Here’s what Canadian analysts think, so far:
Impact on interest (and mortgage) rates
The Republican win could derail America’s slowly growing economy: Trump’s promise to deport 11 million illegal workers, if brought to fruition, is predicted to put dangerous pressure on an already tight labour market. By taking workers out of the labour force, Trump could have a damaging effect to both the U.S economy and Canadian businesses with American clients or suppliers. (CNB)
To combat a business contraction, the U.S. Federal Reserve may abandon decisions to start raising interest rates. The idea is that by keeping rates low, the Feds will continue to encourage banks to lend money and convince businesses to expand through the use of cheap credit. So far, Canada has enjoyed six years of near-zero rates.

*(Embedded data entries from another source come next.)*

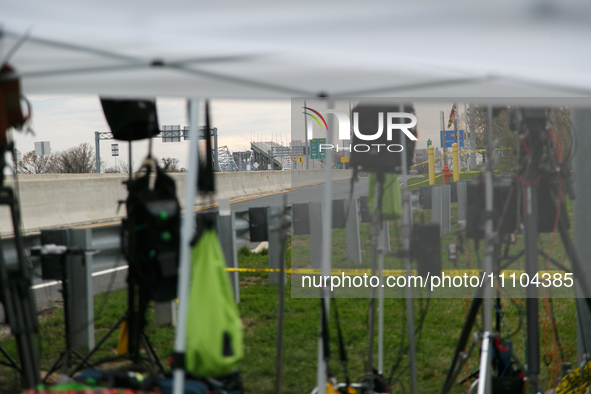 The collapsed Francis Scott Key Bridge is seen through a media staging area at the Maryland Tansportation Authority headquarters in Dundalk,...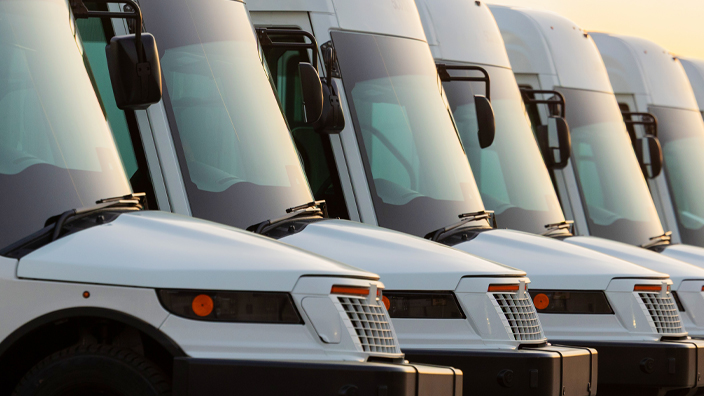 A tight shot of the front end of shiny new postal vehicles lined up next to each other on a parking lot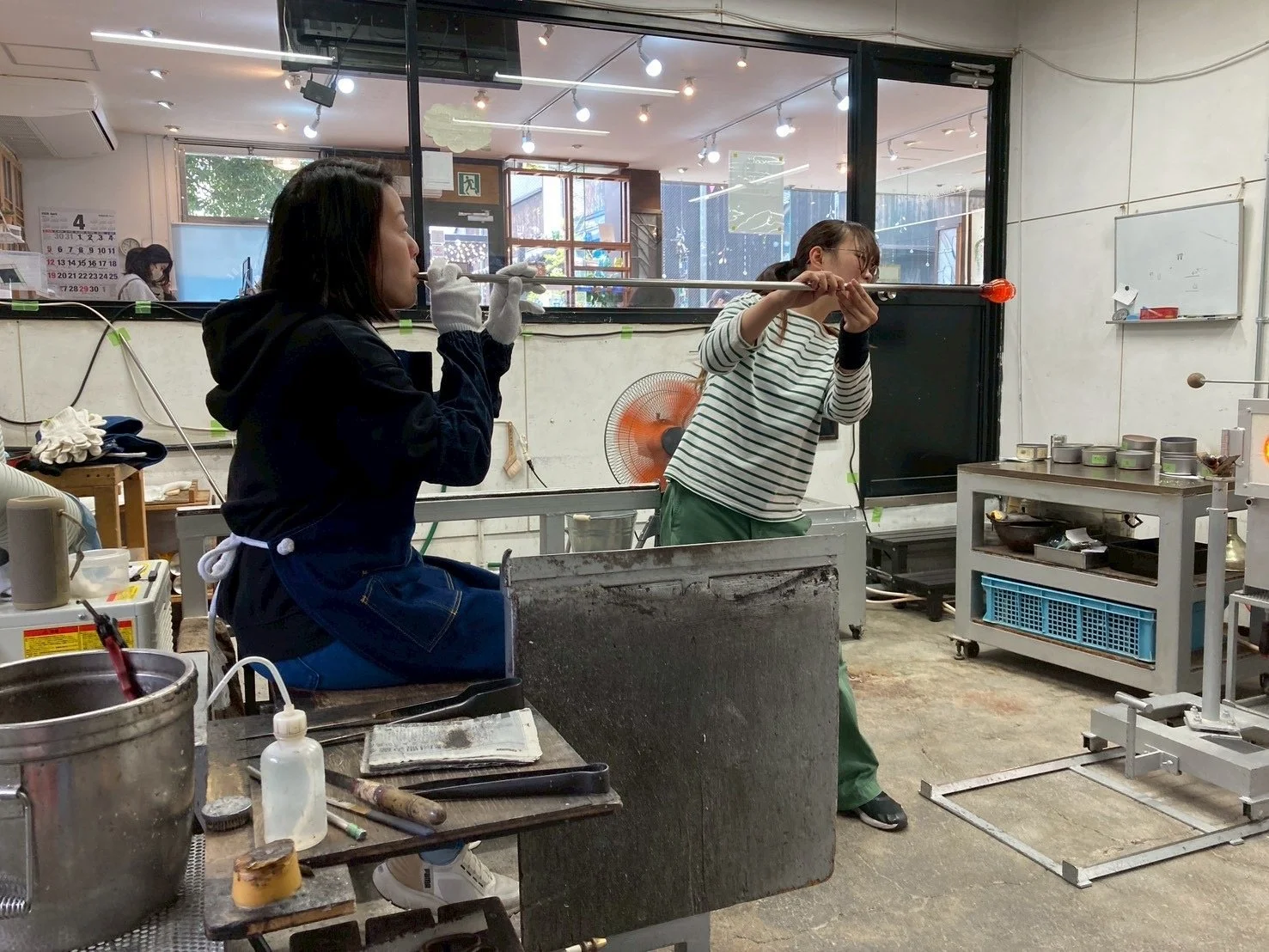 Two women are practicing glassblowing in a studio. One woman is blowing into a pipe while the other assists, holding the pipe steady. Various tools and equipment are visible on the worktable and in the background.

With prolonged low rates from the Feds, it’s unlikely that the Bank of Canada will increase rates, so we can probably expect a prolonged ultra-low rate environment in both Canada and the U.S. (Moneysense).
Home buyers expected to benefit from lowered mortgage rates
For anyone planning on buying a home in the coming months, the presidential outcome may have delayed any mortgage rate increases on the horizon.
The election is not thought to impact the slight rise in prime rates following the recent Federal mortgage rule changes. However, it may in the future prompt the Canadian federal government to consider alternative methods for cooling heated housing markets such as Vancouver and Toronto.
Home sellers can expect an increase in demand following a rush to buy in Canada
Home sellers could actually see a surge in demand for Canadian homes amongst Americans, especially if Trump’s radical talk translates into action.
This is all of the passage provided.